米大統領執務室からは脅し文句や大げさな言葉が発せられているが、事実は単純だ。両国間のサプライチェーンがあまりにも複雑に絡み合っているため、どちらの国も大きな痛みを感じずにそのもつれを解くことはできない、ということである。
皆さんがどんなデバイスで本記事を読んでいるにせよ、それは米国企業の部品と知的財産を使って、中国で組み立てられたものである可能性が高い。
設計と製造に必要なリードタイムを考えれば、このエコシステムの分離を求める米政府の命令は、実施までの期間を月単位ではなく年単位で考えるべきだろう。
ファーウェイをソフトウェアやハードウェア、知的財産から切り離せば、多くの企業が倒産してしまうはずだ。そのような命令から立ち直る能力を備える企業があるとしたら、それはファーウェイだろう。
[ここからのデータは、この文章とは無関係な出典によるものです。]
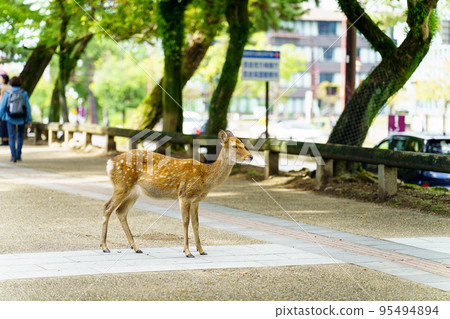 [奈良縣]奈良公園的鹿 95494894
中国での成功だけを見ても、ファーウェイは世界最大級のメーカーの1つだ。今回のような事態に備えて、秘密裏に代替ソフトウェアの開発も進めてきた。同社には、HiSiliconというチップ部門もある。
今回の騒動の結果として、ファーウェイがAndroidを利用できなくなった場合、失う影響が最も大きいのは「Google Play」ストアだろう。しかし、ファーウェイがすぐに独自のストアを開設したり、中国のほかのスマートフォンメーカーと協力して国家主義的な代替のストアを作り出したりすることは、想像に難くない。
Androidの世界には、通常のAndroidのほかに、それとは大きく異なる中国製のバージョン(例えば、「ColorOS」)も存在する。私たちが今、目の当たりにしているのは、ホワイトハウスによってもたらされたAndroidの分離なのかもしれない。
重要なのは、ファーウェイには従業員以外の株主がいないため、証券取引所への説明責任なしに、姿を消す、自社の利益のために行動する、組織を刷新するといった厳しい決断を下せるということだ。Armのチップ設計を利用できなくなって、独自チップの開発に着手する必要が生じた場合、これは極めて重要なポイントになってくる。
米政府が中国政府との取引を有利に運ぶために禁止措置を断念した場合、すべての禁止措置が無駄に終わる可能性もある。